Capítulo 34

Stanislaw Palieski cerró la puerta al amistoso commissario y se volvió hacia la huésped no invitada. La mujer parecía muy bonita con la luz iluminándole en el cabello.

– Estoy en deuda contigo, Maria -dijo-. Me temo que éste es un asunto terrible.

Maria asintió con una sonrisa. La primera regla, le habían dicho, era mantener a su caballero en buen estado de ánimo. Hasta la llegada del policía, lo había estado haciendo bastante bien, pensó.

– Podríamos dar un paseíto -sugirió.

Se dirigieron al sur, del brazo, hacia el Zattere. Los canales eran más anchos por esos lugares; los pavimentos, lisos.
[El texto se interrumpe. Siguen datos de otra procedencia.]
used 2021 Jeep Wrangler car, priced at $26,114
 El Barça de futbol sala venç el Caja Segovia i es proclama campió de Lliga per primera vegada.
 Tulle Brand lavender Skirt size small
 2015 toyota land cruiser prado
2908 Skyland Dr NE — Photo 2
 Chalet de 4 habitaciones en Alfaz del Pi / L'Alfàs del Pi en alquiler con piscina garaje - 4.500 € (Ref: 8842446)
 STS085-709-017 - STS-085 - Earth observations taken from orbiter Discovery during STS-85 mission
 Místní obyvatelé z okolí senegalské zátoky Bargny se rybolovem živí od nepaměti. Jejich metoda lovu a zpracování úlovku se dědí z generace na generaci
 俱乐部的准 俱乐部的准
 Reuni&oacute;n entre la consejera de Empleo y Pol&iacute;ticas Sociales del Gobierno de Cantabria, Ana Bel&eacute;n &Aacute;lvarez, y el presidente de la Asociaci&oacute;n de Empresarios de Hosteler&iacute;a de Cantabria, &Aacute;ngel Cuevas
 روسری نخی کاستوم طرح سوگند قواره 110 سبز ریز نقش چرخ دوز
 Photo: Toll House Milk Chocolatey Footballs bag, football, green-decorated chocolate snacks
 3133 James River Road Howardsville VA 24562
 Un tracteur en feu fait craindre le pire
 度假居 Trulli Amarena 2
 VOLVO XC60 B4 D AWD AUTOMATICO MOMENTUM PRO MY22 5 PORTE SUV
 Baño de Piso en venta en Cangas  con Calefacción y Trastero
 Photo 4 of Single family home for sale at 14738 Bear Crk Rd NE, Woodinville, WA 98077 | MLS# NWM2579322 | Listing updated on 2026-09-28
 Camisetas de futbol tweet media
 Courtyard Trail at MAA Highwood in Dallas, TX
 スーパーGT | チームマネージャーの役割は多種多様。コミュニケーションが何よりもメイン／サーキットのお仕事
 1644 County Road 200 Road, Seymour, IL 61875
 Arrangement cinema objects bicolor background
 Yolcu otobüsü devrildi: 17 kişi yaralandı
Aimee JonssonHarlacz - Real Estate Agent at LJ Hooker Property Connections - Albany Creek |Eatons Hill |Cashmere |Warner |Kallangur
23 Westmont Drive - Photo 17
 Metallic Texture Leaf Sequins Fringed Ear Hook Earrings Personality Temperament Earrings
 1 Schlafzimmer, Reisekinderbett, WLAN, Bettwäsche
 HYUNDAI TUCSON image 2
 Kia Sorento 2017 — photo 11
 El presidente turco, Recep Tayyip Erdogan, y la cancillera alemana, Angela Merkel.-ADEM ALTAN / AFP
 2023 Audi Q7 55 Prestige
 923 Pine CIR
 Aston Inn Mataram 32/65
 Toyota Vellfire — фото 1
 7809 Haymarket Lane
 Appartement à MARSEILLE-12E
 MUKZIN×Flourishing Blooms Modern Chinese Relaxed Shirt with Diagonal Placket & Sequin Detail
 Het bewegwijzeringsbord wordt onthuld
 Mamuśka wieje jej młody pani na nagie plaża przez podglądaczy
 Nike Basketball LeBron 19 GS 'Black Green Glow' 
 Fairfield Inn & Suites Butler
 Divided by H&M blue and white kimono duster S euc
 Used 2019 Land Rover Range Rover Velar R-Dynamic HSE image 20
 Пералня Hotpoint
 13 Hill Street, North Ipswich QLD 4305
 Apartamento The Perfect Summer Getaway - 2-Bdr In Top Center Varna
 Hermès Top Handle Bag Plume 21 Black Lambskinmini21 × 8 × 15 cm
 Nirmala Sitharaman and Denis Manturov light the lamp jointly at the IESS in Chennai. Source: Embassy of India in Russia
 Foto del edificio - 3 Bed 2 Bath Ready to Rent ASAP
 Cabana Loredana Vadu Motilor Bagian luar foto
Aquí y allá, exuberantes rosas se desparramaban sobre sus cabezas desde los amurallados jardines.

Los mendigos estaban sentados en los portales, al sol, suplicando limosna. Por las ventanas abiertas salían los sonidos de personas comiendo; los de cacharros y cuchillos; alguien, en alguna parte, estaba tocando una flauta.

Palieski había pasado la mitad de su vida en Estambul, y ahora la presión de un brazo de mujer sobre el suyo, el ritmo de sus pasos, más pequeños -al principio torpes pero luego agradables-, su musical parloteo (cuando uno se detenía a escucharlo era poco más que eso), le devolvía inesperadamente a otro país, mucho tiempo atrás.

Sintió la mano de la joven en su nuca.

– ¿Te encuentras bien, caro mió?

Palieski se pellizcó en el puente de la nariz. Durante un instante cegador había visto a otra mujer con los ojos de su mente, y sentido la presión de su brazo en el suyo.

– Perdóname, María.

– Vamos. Ya hemos llegado -dijo María. Doblaron la esquina y allí estaba el Zattere, con la larga y baja silueta de La Giudecca al otro lado del agua, la iglesia de San Giorgio, y las velas pardas de las barcazas colgando en el aire del verano.

– Dime, Maria -dijo Palieski-. ¿De dónde eres?

Ella le apretó el brazo.

– De Venecia, tonto.

– Pero anoche… ¿Cómo es que viniste?

Maria asintió con la cabeza.

– Fue la signora Ruggerio. Dijo que debía.

Palieski soltó una débil risita. Ruggerio, por supuesto.

– Me alegro de que lo hicieras.

Maria volvió a apretarle el brazo.

– ¿Puedo tomar un helado? -dijo alegremente.